For high school students with special needs, failing a class or receiving an incomplete not only impacts them academically, but emotionally as well. As they watch their classmates move ahead as they fall behind, many experience a sense of isolation and a hit to their self-esteem.
Without immediate intervention, a student’s risk of dropping out of school skyrockets. The high school graduation rate for students who receive services under the Individuals with Disabilities Education Act (IDEA) is 72% – an increase from the years before – but still well below the national graduation rate of 89%.
To help get students back to grade level and on track to graduation, districts across the country have integrated online credit recovery programs into their curriculum.
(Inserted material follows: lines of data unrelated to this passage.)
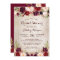 Burgundy Red Floral Rustic County Bridal Shower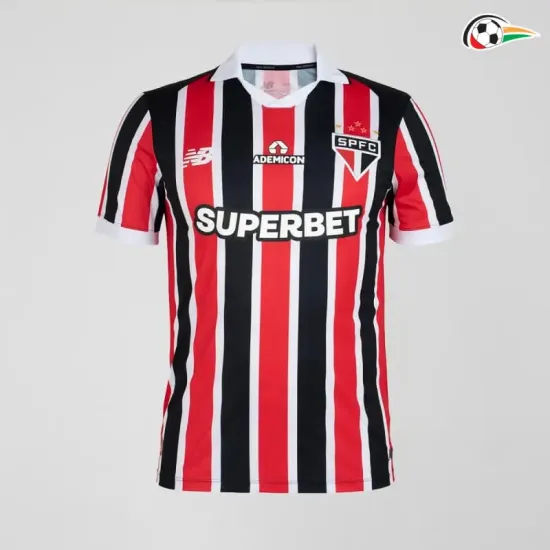 Camisa Reserva São Paulo 2026/2027 Vermelho/Preto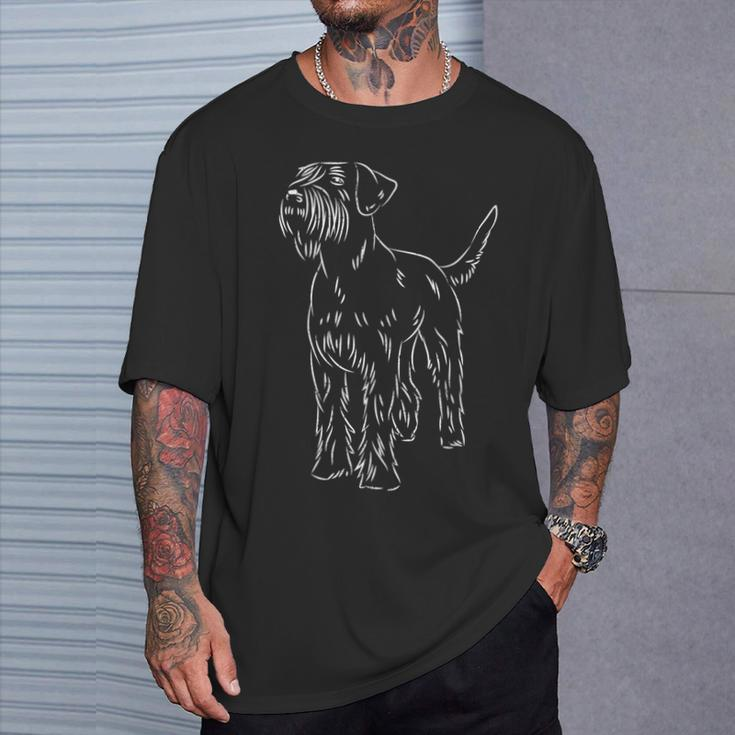 Giant Schnauzer Giant Schnauzer Vintage Retro Dog T-Shirt Geschenke für Ihn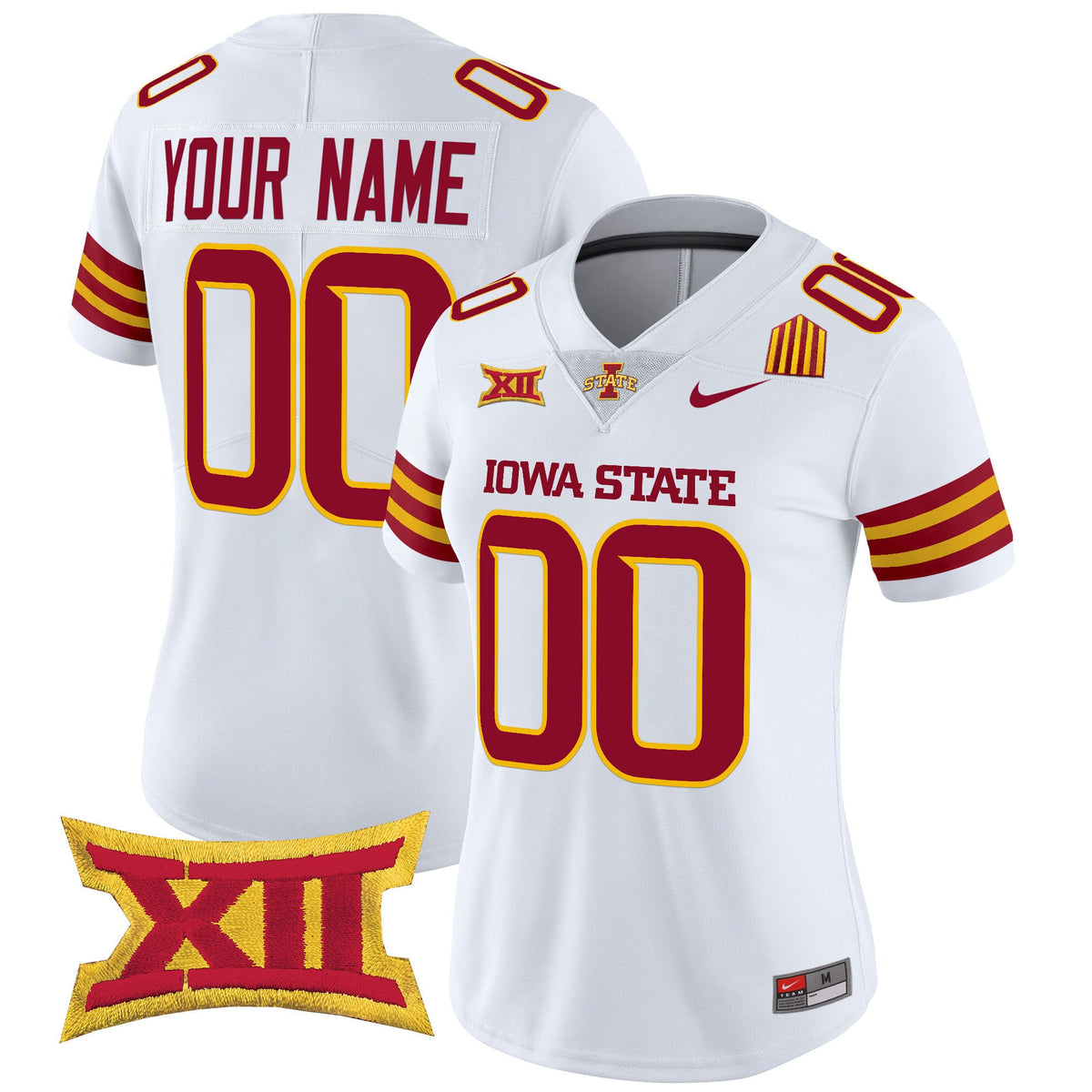 Iowa State Cyclones 2025 Vapor Limited Custom Jersey - All Stitched - image 11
However, simply reteaching students the same lessons they struggled with isn’t enough – virtual learning has to be personalized, robust, and accelerated, exposing students to learning models tailored to their pace and performance.
Constructive virtual learning meets a student where they’re at, allowing teachers to touch on the specific prerequisite skills and tasks necessary to understand new content and place a greater focus on immersing students in complex material needed to meet grade-level goals.
When worksheets and remedial repetition exercises are exchanged for engaging, interactive learning that measures and celebrates one’s progress, students rediscover their confidence in the classroom.
Hendry County Schools finds the right support for student progress
At Clewiston High School in Clewiston, Fla., the graduation rate for students in its Exceptional Student Education (ESE) program mirrored that of the national rate for special education students at 70%. The online credit recovery curriculum Clewiston had in place lacked the support ESE students needed, and it made adhering to IEP and 504 plan guidelines difficult.
ESE teacher (now Clewiston High School assistant principal) Reko Parantha dedicated himself to finding a solution that would minimize his students’ frustrations and give them the same opportunity to succeed as their general education classmates. In 2011, the school district launched a small-scale implementation of Apex Learning specifically for the ESE program.
Almost immediately, Parantha saw the impact of Apex on his students. With its built-in scaffolding and embedded personalized learning tools, Apex filled in critical gaps and accelerated learning, enabling juniors and seniors to successfully recover credits. After the first full year of implementing the program, Clewiston High School raised its ESE graduation rate from 70% to 90%!
For Parantha, seeing more of his students complete their high school journey was everything he hoped for in a new digital curriculum. “I wanted those kids to have the same opportunity to walk across what we call Cane Field (the football stadium), which is a historic graduation ceremony,” he remarked. “It’s a very special thing for the kids in this community.”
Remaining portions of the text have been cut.